The modern architecture of GPUs can be divided into three parts.
- DRAM (Dynamic Random Access Memory) – DRAM is a type of random access memory, and semiconductor memory that stores each bit of data in a memory cell and uses it for program code needed by the computer processor and deletes it after the process is done.
- SRAM(Static Random Access Memory) – SRAM is a random access memory that holds data bits and programs into its memory cell until the computer’s power is being supplied.

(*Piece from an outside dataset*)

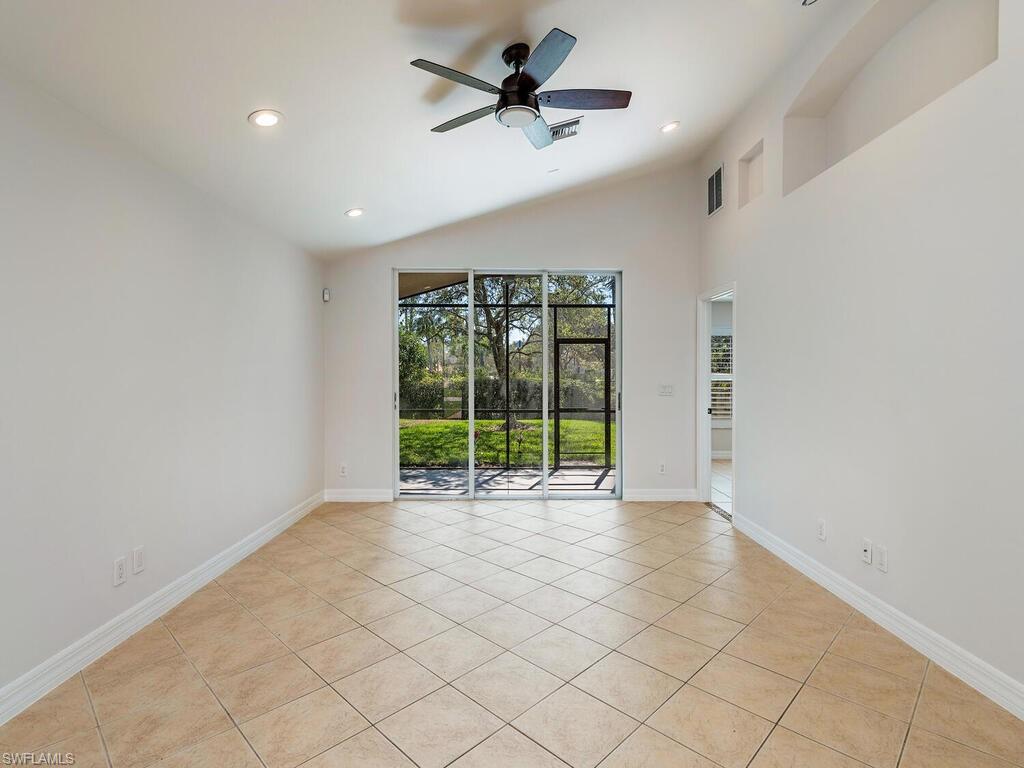 SATURNIA LAKES - Residential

- ALU (Arithmetic logic unit)- ALU is the part of a computer processor that carries out the operation (arithmetic or logical) on the operands according to the command from the computer.

Image source.
Here, Core(SM) is a streaming multiprocessor(SMs). Each SMs contains eight cores, and different processes get distributed between the cores. Any GPU programming consists of many challenges, and roughly we can divide them into three cases.

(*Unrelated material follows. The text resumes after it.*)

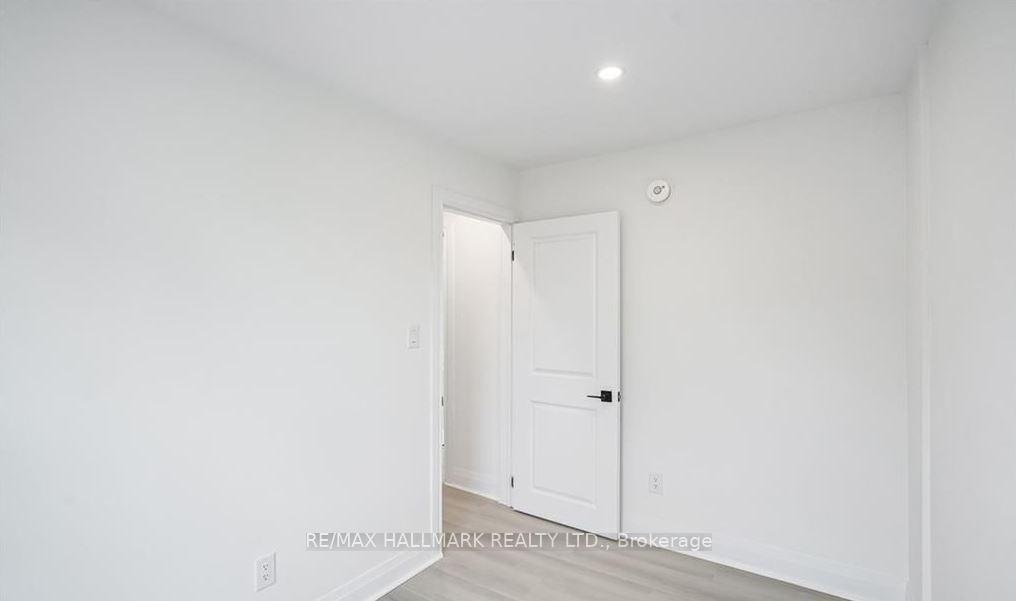 Photo 9 of 1 Tasker Street, St. Catharines, E. Chester — HOMEH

- Transfer of memory from DRAM needs to be gathered in large amounts to utilize the more width provided by the memory interface.
- Data must be stored in a way in SRAM to be utilized and managed repeatedly and does not become difficult to retrieve data or share data.
- All the computation must be partitioned and scheduled in such a way both across Sm and within SMs so that the ALU can promote thread-level parallelism.
All the challenges are the subject of research and even become difficult for experienced people. The main motive of Triton is to automate these optimizations so that data science practitioners can better focus on the performance of the model instead of focusing on solving the distribution and scheduling the GPU unit. Triton facilitates us with three types of automation.
- Memory coalescing
- Shared memory management
- Scheduling (within SMs)
Next, in this article, we will try to make a fused softmax operation using triton, torch native and torch jit and compare the performance against them. Before making the operation, let’s understand the Fused softmax kernel. Kernel functions (kernels) can implicitly map data points into high dimensional spaces and make it easier to learn complex decision boundaries.
The softmax function is a function that turns a vector of K real values into a vector of K real values that sum to 1. “Fusing” means commonalization of computation steps. It’s an implementation trick to run code more efficiently by combining similar operations in single hardware (GPU, CPU or TPU). Therefore, a “fusedLayer” is a layer where operations benefit from a “fused” implementation. The motive of the next code is to customize the GPU kernels for element-wise additions, where we will use some simple softmax operations.
Implementation in Triton
For GPU programming, there will be a possibility of not having a computer system with GPU or TPU, so we implement this code in Google colab. To enable GPU in Google Colab we can directly navigate to the Edit, then navigate to Notebook settings and then select the GPU from the drop-down menu from the hardware accelerator.
After enabling the GPU, we can start with the code.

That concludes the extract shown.